Scraping tabular data with pdfplumber
I got distracted by this toot:
A bot that automatically does stock trades …
… by identifying trades being done by US politicians …
… who probably have inside (I.e. and thus basically illegal-to-act-upon) knowledge of market-moving government info …
… and doing the same trades
He’s up 20% since May 2022
The idea you can track insider trading through the financial disclosure reports of politicians is very appealing. I gave myself a weekend challenge to reproduce the trading strategy. Inevitably, I didn’t finish writing the bot, but I did find that extracting data from PDF tables has got easier since I last tried, so here are some notes.
Specifically: pdfplumber
provides all the things you need. I found it
somewhat difficult to follow the documentation; the most helpful thing is this walkthrough.
pdfplumber
uses various heuristics that work remarkably well to infer cells of
data. It looks for graphical elements, and failing that, looks for vertical (or
horizontal) word alignments.
The table I’m interested in doesn’t have natural vertical delimiters: some of the rows have text that overflows into adjacent “cells”. You can see that in the “COMMENTS” section here:
So I wrote code to:
- find the header, which is present in all examples of this table;
- find the vertical delimiters for that;
- use those delimiter locations as explicit values for extracting cells from the rest of the table
Like this:
import pdfplumber
import re
def locate_table_columns(pdf_page):
"""
Finds the coordinates of table columns on a PDF page.
The function locates the words 'Owner' and '$200?' to define the bounds of the
header row, which helps in determining the columns' coordinates for table extraction.
"""
words_on_page = pdf_page.extract_words()
# Finding specific header keywords to locate the entire header row
owner_header = next((word for word in words_on_page if word["text"] == "Owner"), None)

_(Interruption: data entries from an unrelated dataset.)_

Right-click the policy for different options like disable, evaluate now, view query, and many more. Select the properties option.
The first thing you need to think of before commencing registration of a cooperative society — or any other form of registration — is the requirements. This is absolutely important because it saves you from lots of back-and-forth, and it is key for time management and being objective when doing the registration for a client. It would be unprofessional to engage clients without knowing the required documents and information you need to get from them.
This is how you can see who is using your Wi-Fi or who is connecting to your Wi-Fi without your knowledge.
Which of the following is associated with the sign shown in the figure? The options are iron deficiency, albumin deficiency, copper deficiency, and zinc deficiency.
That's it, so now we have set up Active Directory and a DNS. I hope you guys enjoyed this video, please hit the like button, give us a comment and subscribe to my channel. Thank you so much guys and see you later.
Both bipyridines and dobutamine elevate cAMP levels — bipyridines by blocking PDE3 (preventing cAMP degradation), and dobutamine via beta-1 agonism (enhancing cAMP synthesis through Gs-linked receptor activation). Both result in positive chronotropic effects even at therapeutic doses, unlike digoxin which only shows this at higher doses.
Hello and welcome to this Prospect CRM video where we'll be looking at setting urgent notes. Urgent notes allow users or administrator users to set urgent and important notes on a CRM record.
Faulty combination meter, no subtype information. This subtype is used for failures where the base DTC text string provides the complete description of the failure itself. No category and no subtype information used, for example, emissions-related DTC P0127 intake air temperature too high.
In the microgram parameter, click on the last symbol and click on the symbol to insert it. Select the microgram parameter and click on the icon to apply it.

value_header = next((word for word in words_on_page if "$200?" in word["text"]), None)
if owner_header and value_header:
# Extract a bounding box
bbox = [owner_header["x0"], owner_header["top"], value_header["x1"], value_header["bottom"]]

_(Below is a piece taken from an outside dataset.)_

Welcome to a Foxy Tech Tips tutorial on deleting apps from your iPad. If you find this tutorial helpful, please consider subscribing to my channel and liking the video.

cropped_header = pdf_page.crop(bbox)
# Find the bounding boxes of the words _within_ the header
words_in_header = cropped_header.extract_words(
keep_blank_chars=True, # do not tokenize on spaces, i.e. fit entire lines in 1 box
y_tolerance=20, # fit words wrapped over several lines in 1 box
)
column_coords = [round(word["x0"]) for word in words_in_header]
return column_coords
else:
print("No table found on the page.")
def convert_pdf_to_csv(pdf_filename):
with pdfplumber.open(pdf_filename) as pdf:
for page in pdf.pages:
column_coords = locate_table_columns(page)
if not column_coords:
continue
extracted_table = page.extract_table(
table_settings={
"vertical_strategy": "explicit",
"explicit_vertical_lines": column_coords,
}
)
Postscript 1: it turns out the automatic extraction of the text was actually good enough, and I didn’t need any of that.
Postscript 2: In the House of Representatives, there’s only 33 representatives in the last two years who registered buy and sell activity of the same stock. Seems like that might be the best indicator of insider trading, in which case it doesn’t feel like a particularly rich dataset. By that measure, the most active trader by far was Michael C. Burgess (Rep) with 32 buy/sell trades in the last two years. The fastest trader was Josh Gottheimer (Dem) who made a ~2% loss on Tesla in a 5 day period.